TTO’s offices look like a child’s dream toy room. Littered around the offices are models and even some actual prototype pieces of hardware from past TTO projects—missiles, robots, and stealth aircraft. I can’t help but wonder what TTO is building today that will be the stealth of tomorrow.
Bradford Tousley, TTO’s director, graciously agreed to meet with me to discuss CODE and other projects. Tousley began his government career as an Army armor officer during the Cold War. His first tour was in an armored cavalry unit on the German border, being ready for a Soviet invasion that might kick off World War III. Later in his career, when the Army sent him back for a secondary education, Tousley earned a doctorate in electrical engineering. His career shifted from frontline combat units to research and development in lasers and optics, working to ensure the U.S. military had the best possible technology. Tousley’s career has covered multiple stints at DARPA as well as time in the intelligence community on classified satellite payloads, so he has a breadth of understanding in technology beyond merely robotics.
Tousley pointed out that DARPA was founded in response to the strategic surprise of Sputnik: “DARPA’s fundamental mission is unchanged: Enabling pivotal early investments for breakthrough capabilities for national security to achieve or prevent strategic surprise.” Inside DARPA, they weigh these questions heavily. “Within the agency, we talk about every single program we begin and we have spirited discussions. We talk about the pros and cons. Why? Why not? . . . How far are we willing to go?” Tousley made clear, however, that answering those questions isn’t DARPA’s job. “Those are fundamental policy and concept and military employment considerations” for others to decide. “Our fundamental job is to take that technical question off the table. It’s our job to make the investments to show the capabilities can exist” to give the warfighter options. In other words, to prevent another Sputnik.
If machines improved enough to reliably take out targets on their own, what the role was for humans in warfare? Despite his willingness to push the boundaries of technology, Tousley still saw humans in command of the mission: “That final decision is with humans, period.” That might not mean requiring human authorization for every single target, but autonomous weapons would still operate under human direction, hunting and attacking targets at the direction of a human commander. At least for the foreseeable future, Tousley explained, humans were better than machines at identifying anomalies and reacting to unforeseen events. This meant that keeping humans involved at the mission level was critical to understand the broader context and make decisions. “Until the machine processors equal or surpass humans at making abstract decisions, there’s always going to be mission command. There’s always going to be humans in the loop, on the loop—whatever you want to call it.”

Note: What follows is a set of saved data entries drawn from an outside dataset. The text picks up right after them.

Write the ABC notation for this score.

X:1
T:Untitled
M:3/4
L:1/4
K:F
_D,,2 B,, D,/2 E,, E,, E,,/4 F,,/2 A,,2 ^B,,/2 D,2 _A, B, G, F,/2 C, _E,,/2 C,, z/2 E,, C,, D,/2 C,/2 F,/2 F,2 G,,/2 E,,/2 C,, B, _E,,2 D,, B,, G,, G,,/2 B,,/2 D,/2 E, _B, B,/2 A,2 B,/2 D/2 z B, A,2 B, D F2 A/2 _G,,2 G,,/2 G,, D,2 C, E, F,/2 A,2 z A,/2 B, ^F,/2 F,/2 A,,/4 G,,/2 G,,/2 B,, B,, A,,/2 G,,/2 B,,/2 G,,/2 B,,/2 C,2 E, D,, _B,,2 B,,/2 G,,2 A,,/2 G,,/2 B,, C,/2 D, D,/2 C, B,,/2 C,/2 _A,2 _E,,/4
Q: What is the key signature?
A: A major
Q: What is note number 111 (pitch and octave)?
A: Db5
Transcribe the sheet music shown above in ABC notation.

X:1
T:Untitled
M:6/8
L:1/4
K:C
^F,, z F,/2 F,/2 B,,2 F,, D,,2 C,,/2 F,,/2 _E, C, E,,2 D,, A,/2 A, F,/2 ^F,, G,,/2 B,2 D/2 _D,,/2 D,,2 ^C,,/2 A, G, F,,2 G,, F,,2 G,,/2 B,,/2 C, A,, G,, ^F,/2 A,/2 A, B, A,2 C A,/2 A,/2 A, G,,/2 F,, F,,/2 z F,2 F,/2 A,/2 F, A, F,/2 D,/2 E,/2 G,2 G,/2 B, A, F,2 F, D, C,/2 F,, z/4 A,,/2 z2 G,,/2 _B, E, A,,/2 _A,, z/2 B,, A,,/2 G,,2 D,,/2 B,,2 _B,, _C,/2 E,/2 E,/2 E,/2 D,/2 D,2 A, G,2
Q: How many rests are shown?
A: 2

Tousley painted a picture for me of what this might look like in a future conflict: “Groups of platforms that are unmanned that you are willing to attrit [accept some losses] may do extremely well in an anti-access air defense environment . . . How do I take those platforms and a bunch of others and knit them together in architectures that have manned and unmanned systems striking targets in a congested and contested environment? You need that knitted system because you’re going to be GPS-jammed; communications are going to be going in and out; you’re going to have air defenses shooting down assets, manned and unmanned. In order to get in and strike critical targets, to control that [anti-access] environment, you’re going to have to have a system-of-systems architecture that takes advantage of manned and unmanned systems at different ranges with some amount of fidelity in the ability of the munition by itself to identify the target—could be electronically, could be optically, could be infrared, could be [signals intelligence], could be different ways to identify the target. So that system-of-systems architecture is going to be necessary to knit it all together.”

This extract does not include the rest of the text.